Last week the White House hosted a meeting of outside leaders who are advancing a series of new tools that are helping government to drive better outcomes.
Last week at the White House, the Domestic Policy Council, the Office of Management, the U.S. Digital Service, and the Office of Science and Technology Policy hosted leaders representing all levels of government as well as academics, community organizations, philanthropy, impact investors, and technologists who are advancing a series of new tools that are helping government to drive better outcomes.
We also highlighted new momentum that can help government adopt an outcomes mindset. Below are newly announced commitments and examples of progress as the Administration works with social sector stakeholders to advance twenty-first century solutions that can transform service delivery and strengthen citizens’ connection to government.
Building Knowledge and Managing Systems Change
The Federal Reserve Bank of San Francisco and the Nonprofit Finance Fund are launching a two-year project to explore the potential to reorient parts of our social system around outcomes. The project kicks off this month and, through a national "knowledge campaign," will promote dialog among government, service providers, investors and philanthropists about the opportunities and threats inherent in this systemic shift. The project will publish a book in 2017 that will share insights from prominent leaders in the social sector, government, and finance and examine what this shift will mean for the future of the nonprofit sector, the impact investing field, and social policy more generally.
Salt Lake County Mayor Ben McAdams announced that the county, along with The Sundance Film Festival, The Sorenson Center at the University of Utah, and The National Association of Counties, will host an Innovation Summit on January 27-30, 2016 in Salt Lake County. The nonpartisan event, which will include an official Sundance selection film screening, will highlight important advances in several areas of outcomes-driven social innovation.
Academic and Research Developments: At the meeting, participants from Georgetown University’s Beeck Center for Social Impact & Innovation and Accenture discussed new papers on outcomes-focused government, exploring strategies for public sector spending to pay for policies and programs that deliver increased social impact and accelerate movement toward outcomes-focused performance through outcomes-based assessments.
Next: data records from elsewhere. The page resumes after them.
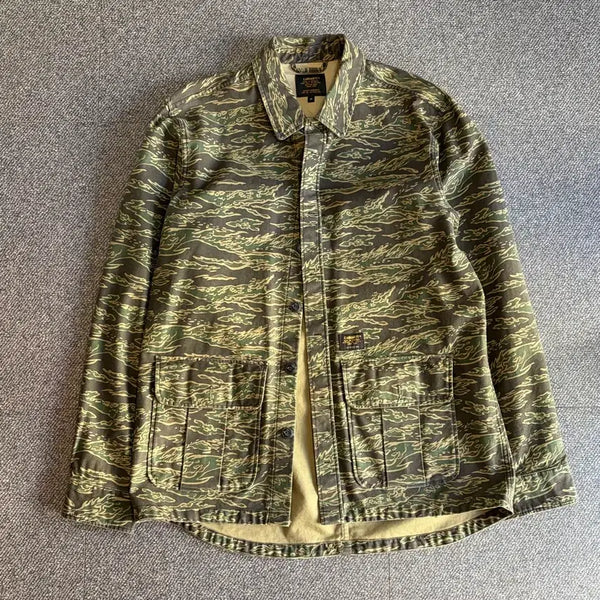 [BUNJANG] Carhartt Tiger Camo Shirt Jacket M / 칼하트 타이거카모 셔츠 자켓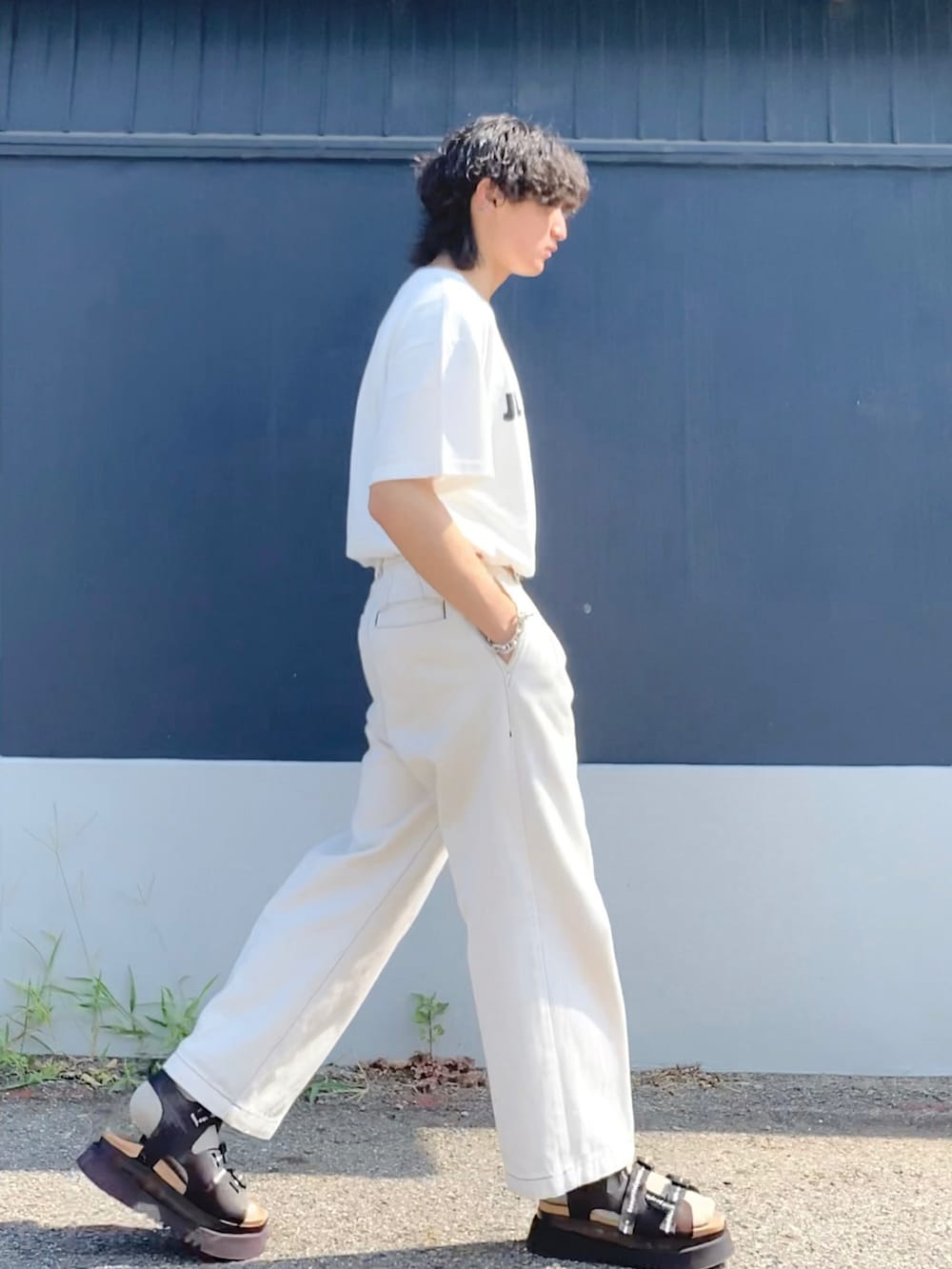 「オールホワイト、Tシャツ、ワイドパンツ、デニムパンツ、サンダル、タックイン、大学生、低身長、低身長コーデ、163cm、夏コーデ、きれいめカジュアル、キレイめ、夏」｜「PUBLIC TOKYOのカラーハイライズドデニム/ワイドテーパードデニム（デニムパンツ、ホワイト系）」を使った、ざわ_低身長男子styleさん（骨格ストレート・メンズ・163cm）の夏コーディネートの2枚目の写真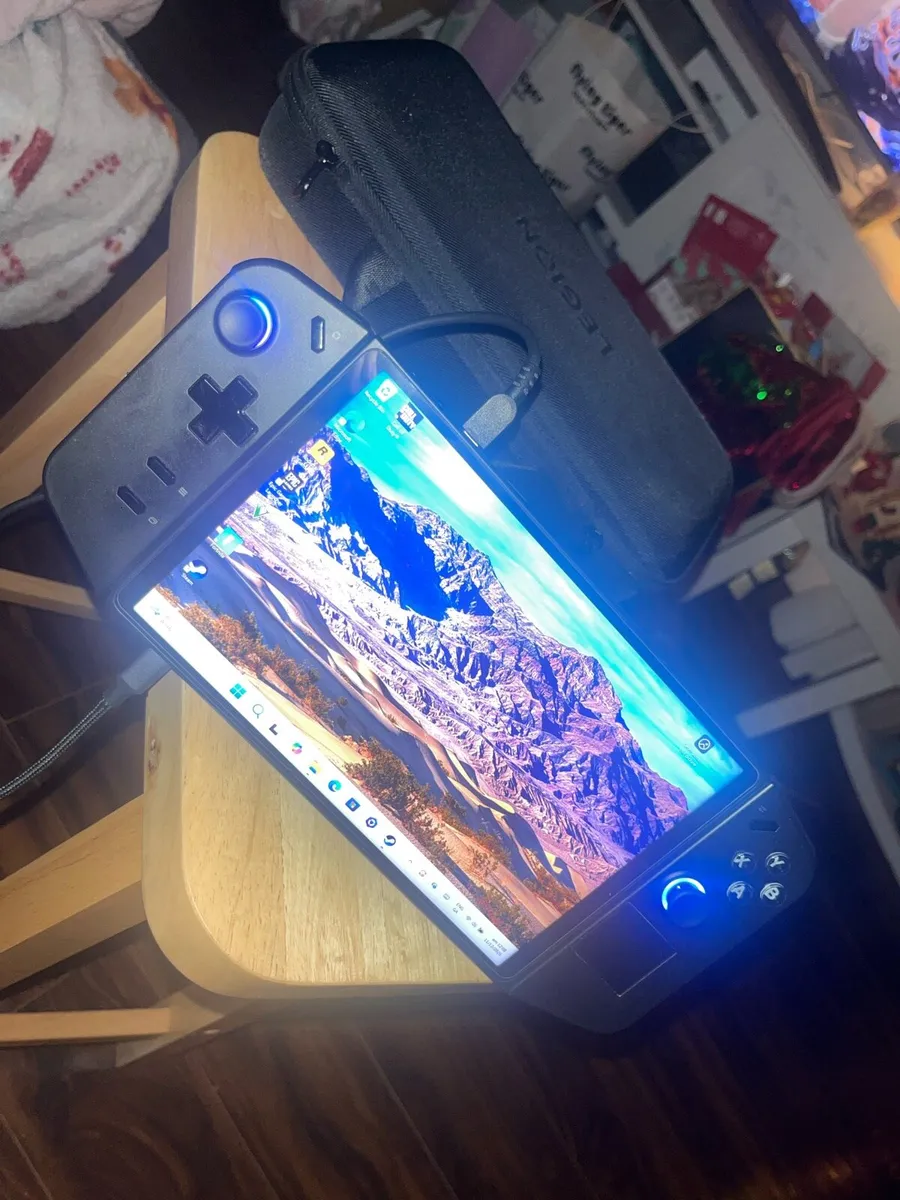 Lenovo Legion Go - Image 2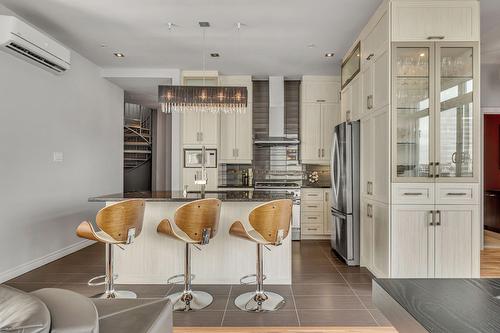 Cuisine - 505-2350 Rue Du Barachois, Québec (Les Rivières), QC - Indoor Photo Showing Kitchen With Upgraded Kitchen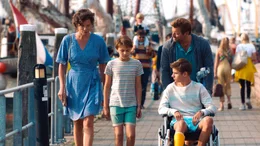 Der zehnj&auml;hrige Sam (Sonny van Utteren, 2. von links) verbringt seine Ferien mit seiner Mutter Mara (Suzan Boogaerdt, links), seinem Vater Gijs (Tjebbo Gerritsma, rechts) und seinem gro&szlig;en Bruder Jore (Julian Ras, sitzend) auf einer niederl&auml;ndischen Insel.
Data Tools to Empower Communities
Measure of America, with the Leona M. and Harry B. Helmsley Charitable Trust, launched DATA2GO.NYC, a free, easy-to-use mapping and data tool that brings together federal, state and local data vital to understanding how multiple factors combine to influence New Yorkers' well-being in every neighborhood. Containing 350 indicators for each of New York City's 59 community districts, the DATA2GO.NYC website and mobile app aim to transform isolated statistics into a powerful portrait of human needs in the region.
The University of Chicago's Center for Data Science and Public Policy announced it will publish a white paper examining critical data barriers and solutions for outcomes contracting by December 2015. Based on perspectives from experts in the field, the paper will articulate data challenges in launching outcomes-focused contracts, offer emerging solutions, and provide recommendations for communities to ensure they are data-ready. It will also fully fund a team of four competitively selected data scientists to support a Pay for Success project as a part of its 2016 Eric and Wendy Schmidt Data Science for Social Good Fellowship Program.
Advancing Outcomes through Pay for Success
New York State, the Center for Employment Opportunities (CEO), and Social Finance announced a major enrollment milestone in their Pay for Success project in New York City and Rochester, aimed at reducing recidivism and increasing employment for formerly incarcerated men. One thousand clients have enrolled in CEO's life skills, transitional job, and employment services, meeting the project's first enrollment goal ten months ahead of schedule.
The State of Illinois is preparing to launch the ramp-up phase of a Pay for Success project to improve outcomes for youth dually-involved in the child welfare and juvenile justice systems. The project will pilot a collaborative approach that redesigns internal systems, expands access to evidence-based programming, and increases the use of data-driven decision-making. The initiative, led by the Conscience Community Network – a network of six Illinois nonprofits – aims to reduce or prevent the time dually-involved youth spend in residential care, prevent repeat criminal behavior, and foster successful transitions to adulthood.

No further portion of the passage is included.